Most Democratic lawmakers endorsed Balukoff, who awaited the results at the Democratic Party celebration at the Red Lion Riverside. Jordan did not attend and instead held her own event down the street at the HandleBar. Jordan’s followers chanted “this is what Idaho looks like” when she prepared to address them.
Democratic leadership from the Idaho House and Senate acknowledged Jordan’s victory at 11 p.m. with this statement: “We congratulate Paulette Jordan for her victory tonight. The primary has energized so many voters around the state and we sincerely hope that momentum carries into the general election.”
The letter was signed by Sen. Cherie Buckner-Webb and Rep.
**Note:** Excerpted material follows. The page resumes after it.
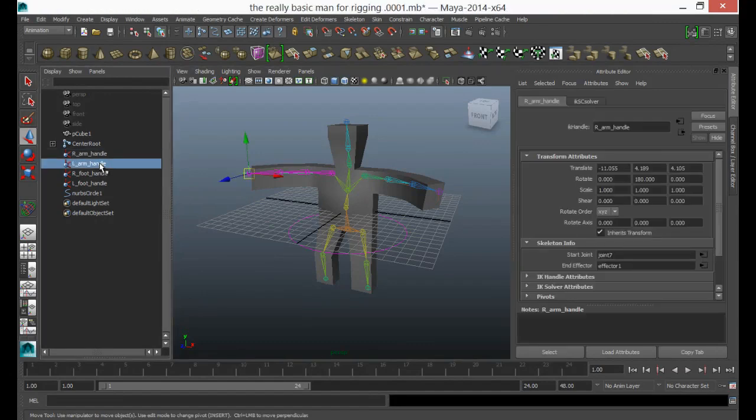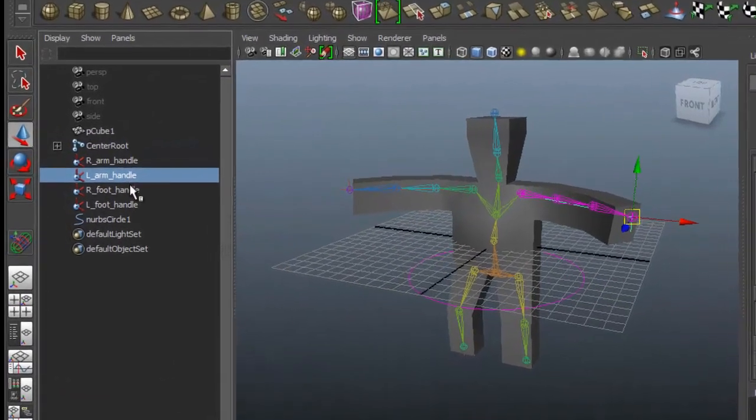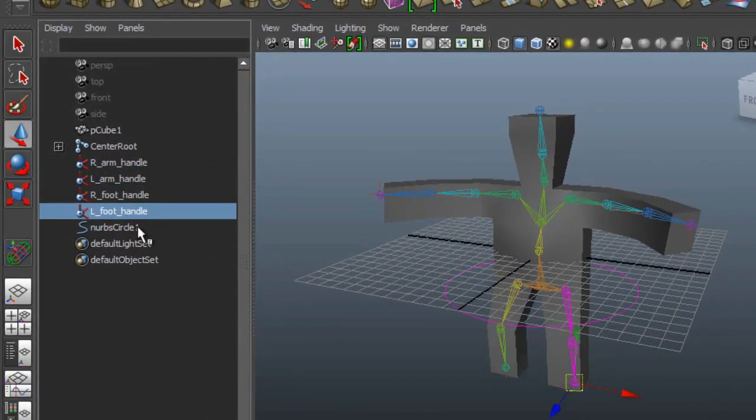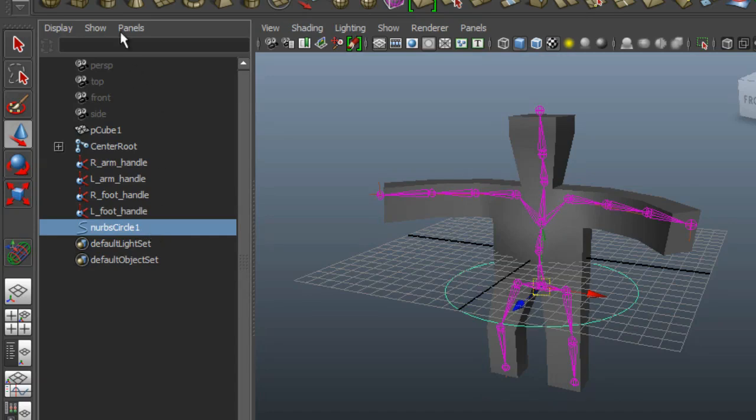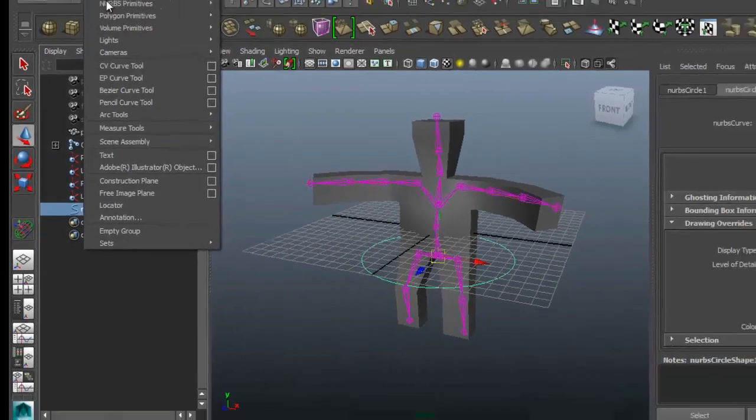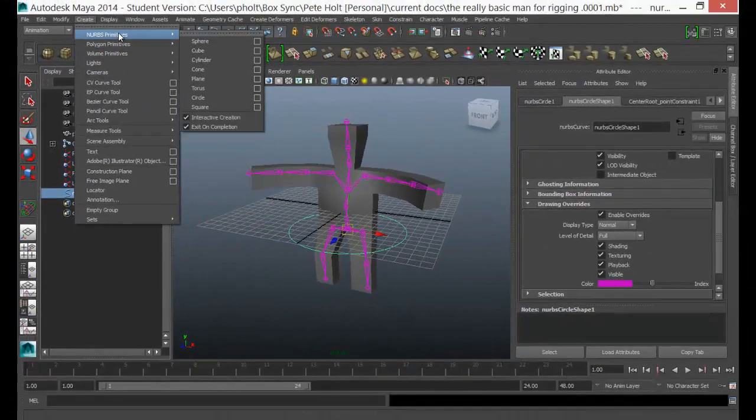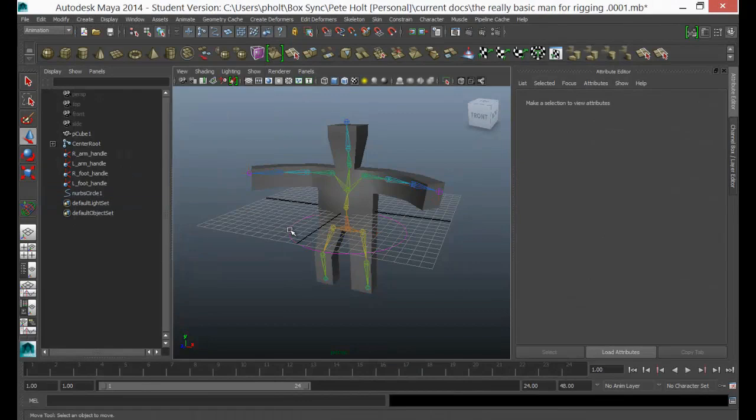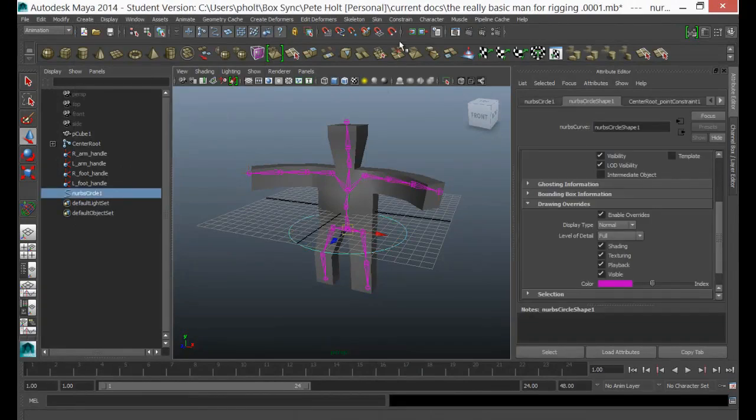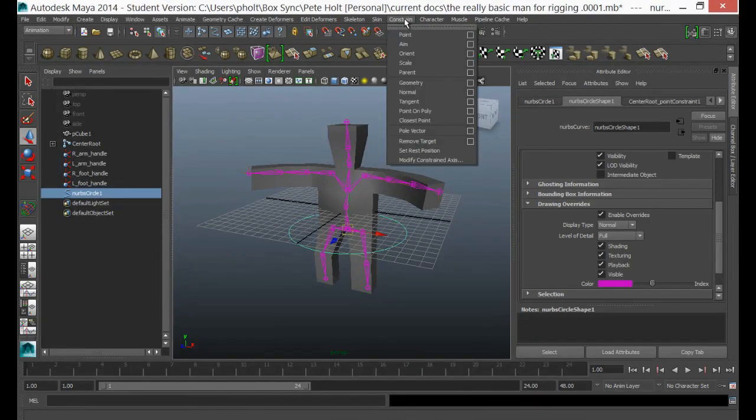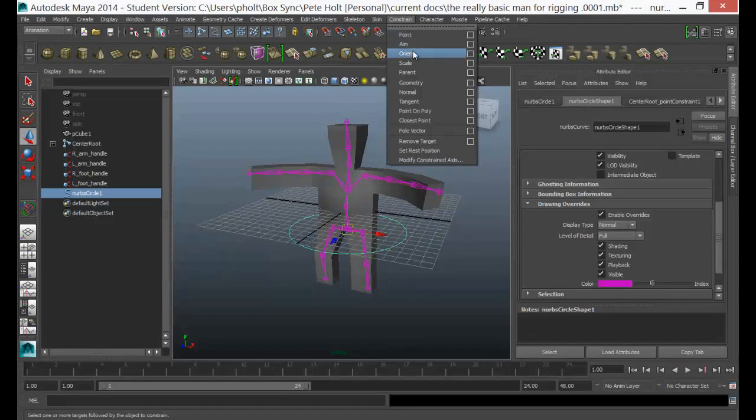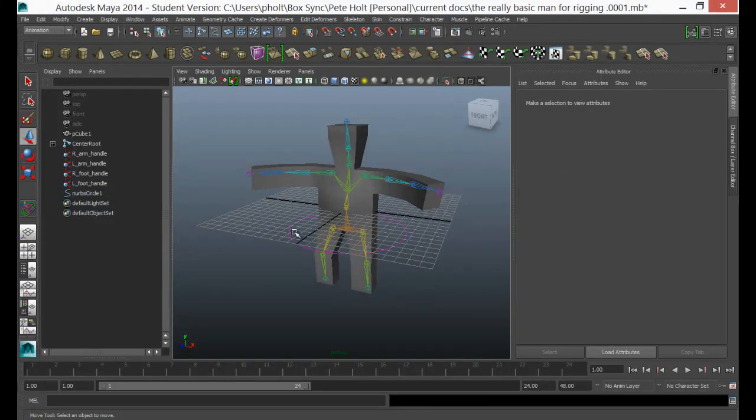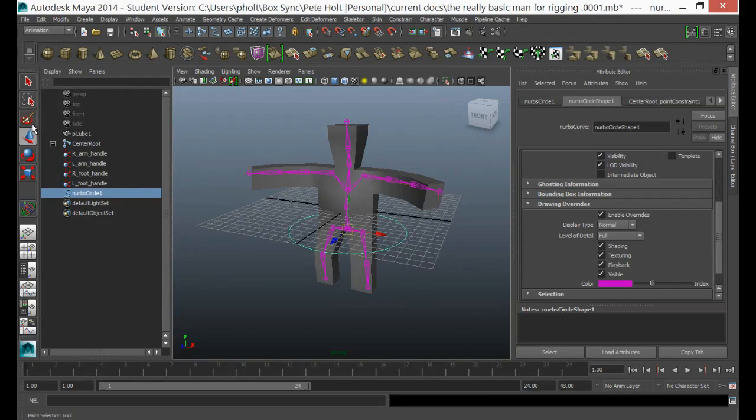I've also added a NURBS circle by going to Create > NURBS Circle. I've positioned this around the center of the character and then I've used Constrain and constrained it by point and orientation to the character.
Mat Erpelding, both of whom endorsed Balukoff.
Little has been labeled the establishment candidate because he carried Otter’s endorsement and because Little’s vision for education aligns with Otter’s — and, more specifically, the K-12 task force Otter convened in 2013.
After claiming the primary victory, Little promised to work toward creating “the best possible opportunities for our kids and grandkids to stay here and thrive here.” He also said he wants to “invest” in professional educators and the advancement of education.
This year’s race to be Idaho’s next governor is like no other — the running campaign finance tab has reached to a record $10.4 million with still five more months before the general election in November.
Idaho’s next governor will have the chance to chart Idaho’s education policy for the next four years — starting by writing education budgets that account for more than half of the state’s budget.
Ahlquist and Labrador opposed the idea of state-funded pre-K. Little said he opposes state-funded pre-K, but is open to early education block grants that could allow local districts to pursue optional pre-K.
Little said he supports Idaho’s Common Core standards.
Jordan said Idaho schools are underfunded and she is an ardent pre-K backers. While Balukoff said charter schools have failed to deliver on their promise of innovation, Jordan said charters fill niches in Idaho’s school system. Jordan sends her two sons to private school in Washington state.